Néanmoins, bien que les forces diamagnétiques soient bien connues et comprises, leur utilisation par les ingénieurs dans les applications spatiales n’a pas été pleinement explorée, car la gravité rend la technologie difficile à démontrer sur Terre. En effet, le diamagnétisme est un phénomène qui provient de la mécanique quantique et qui conduit à une force répulsive entre tout matériau et un aimant. Cette force est cependant très faible et difficilement observable dans la vie courante.

C’est pourquoi le Dr Katharina Brinkert, du département de chimie et du centre de technologie spatiale appliquée et de microgravité (ZARM) de l’Université de Warwick, a dirigé des tests expérimentaux dans une installation spéciale de « tour de chute libre » qui simule les conditions de microgravité. De manière concrète, il s’agit d’une tour de 146 mètres de haut qui envoie une capsule antichoc, en chute libre, s’effondrer au sol pour créer une brève fenêtre de temps d’expérience en microgravité.

Les scientifiques ont ainsi pu mettre au point une procédure pour détacher les bulles de gaz des surfaces des électrodes dans des environnements de microgravité générés, dans le cadre de cette étude, pendant 9,2 secondes. En d’autres termes, ils ont démontré que les bulles de gaz peuvent être « attirées » et « repoussées » par un simple aimant en néodyme, immergé dans différents types de solutions aqueuses.

Le professeur Hanspeter Schaub de l’Université du Colorado à Boulder, co-auteur, déclare : « Après des années de recherche analytique et informatique, la possibilité d’utiliser cette incroyable tour de largage en Allemagne a fourni la preuve concrète que ce concept fonctionnera dans l’environnement spatial zéro-g ».

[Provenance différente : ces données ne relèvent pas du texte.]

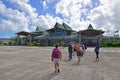 Sir Gaetan Duval Airport with arriving passengers walking into the building and dramatic sky with clouds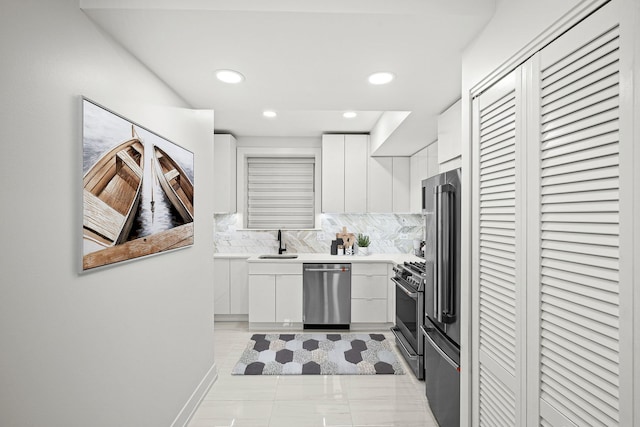 kitchen featuring white cabinetry, appliances with stainless steel finishes, sink, and backsplash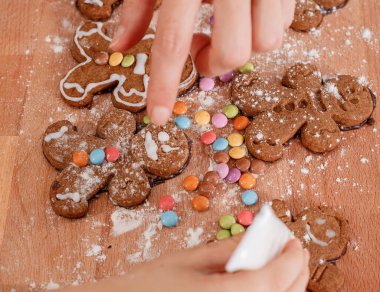 Noel kurabiyesi kesen çocuk. Noel için zencefilli kurabiye yapıyorum. Noel süslemeli masada, ışıklandırma arka planında zencefilli kurabiye yapmak.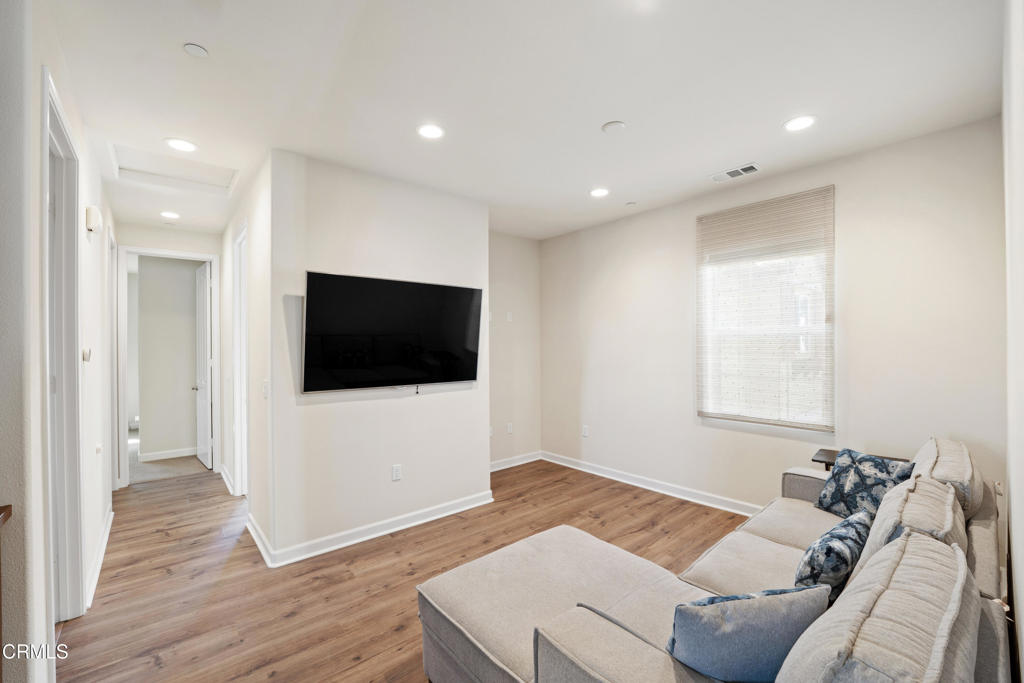 1655 Range Road Oxnard, CA 93036 - Photo 17 of 33 a living room with furniture and a flat screen tv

La recherche pourrait ouvrir de nouvelles voies aux scientifiques et aux ingénieurs développant des systèmes d’oxygène ainsi que d’autres recherches spatiales impliquant des changements de phase liquide-gaz. Le Dr Brinkert conclut : « Ces effets ont des conséquences énormes pour le développement ultérieur des systèmes de séparation de phase, comme pour les missions spatiales à long terme, suggérant qu’une production efficace d’oxygène et, par exemple, d’hydrogène dans les systèmes de (photo-)électrolyseurs d’eau, peut être obtenue, même en l’absence quasi totale de force flottante ».